2- Aynı Yasanın değişik 33. maddesinin birinci, ikinci, üçüncü ve dördüncü fıkraları:
"Madde 33- Tapuda kayıtlı olmayan ve beher parsasının yüzölçümü 20 dönüme kadar olan (20 dönüm dahil) gayrı menkul çekişmesiz ve aralıksız en az 20 yıldan beri malik sıfatı ile zilyedliğini, belgelerle veya bilirkişi veyahut tanık beyanlarıyla tevsik eden zilyedi adına kaydedilir.
Aynı şahsın yekdiğerine bitişik olup da, yüzölçümü toplam 20 dönümden fazla bulunan müstakil parçalar üzerindeki zilyedliği ayrı ayrı sebeplere dayandığı takdirde her parçanın yüzölçümü 20 dönümü geçmemek ve zilyedliğe ilişkin diğer unsurlar mevcut olmak kaydıyle, bu parçalar zilyedi adına kaydedilir.

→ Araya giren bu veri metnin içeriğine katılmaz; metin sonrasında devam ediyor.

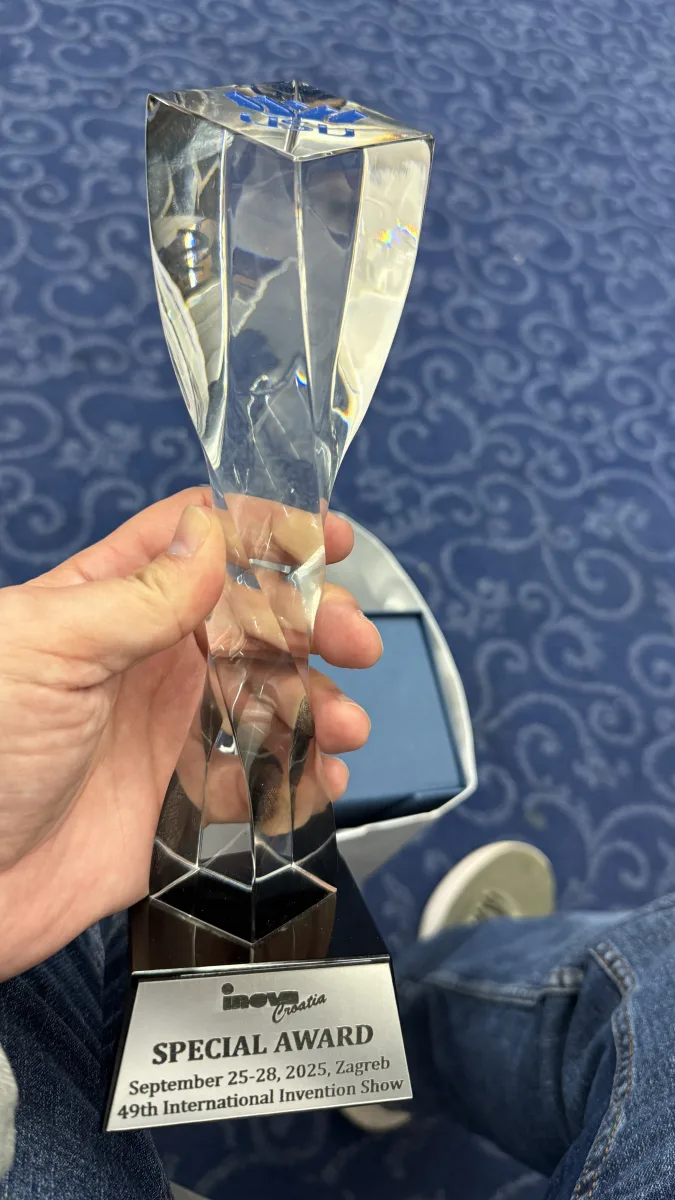 INOVA 2025 special award trophy.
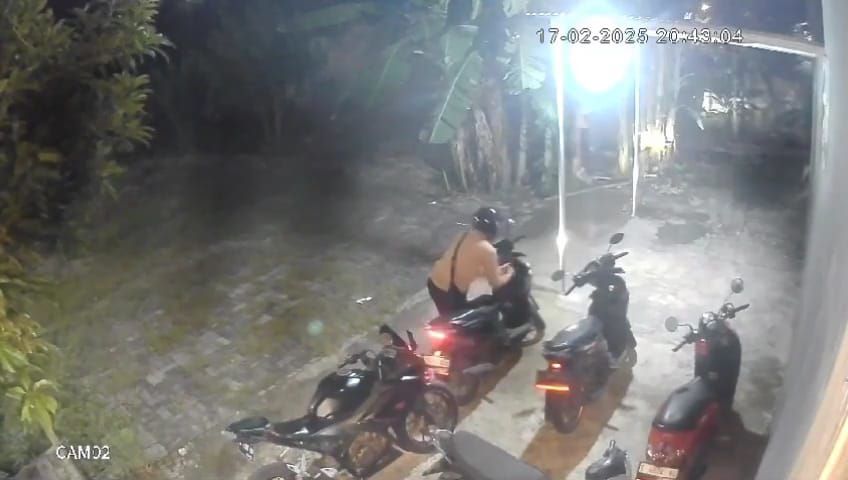 HITUNGAN DETIK: Rekaman CCTV menunjukkan pelaku saat mencuri motor milik pengunjung kafe di Jalan Suromurukan, Kelurahan Surodinawan, Kecamatan Prajurit Kulon, Senin (17/2) malam.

Yüzölçümü 20 dönümü geçen müstakil parçaların veya aynı şahsın ayrı ayrı sebeplere dayanarak zilyedi bulunduğu yekdiğerine bitişik ve yüzölçümleri 20 dönümü aşan birden fazla parçalardan her birinin 20 dönümlük kısmı, zilyedliğe ait birinci fıkradaki unsurların mevcudiyeti halinde zilyedi adına kaydedilir.
Bir Tapulama bölgesinde bu maddenin I, II ve III üncü fıkraları gereğince bir kişinin iktisabedebileceği gayrimenkullerin toplam büyüklüğü 50 dönümü geçemez."
Bu fıkralardaki 20 ve 50 dönümlük sınırlamaların mülkiyet hakkını zedelediği ileri sürülerek iptali istenmektedir.
B) Dayanılan Anayasa kuralları:
"11- Mülkiyet Hakkı:
a) Mülkiyete ait genel kural.
Madde 36- Herkes, mülkiyet ve miras haklarına sahiptir.
Bu haklar, ancak kamu yararı amacıyla, kanunla sınırlanabilir.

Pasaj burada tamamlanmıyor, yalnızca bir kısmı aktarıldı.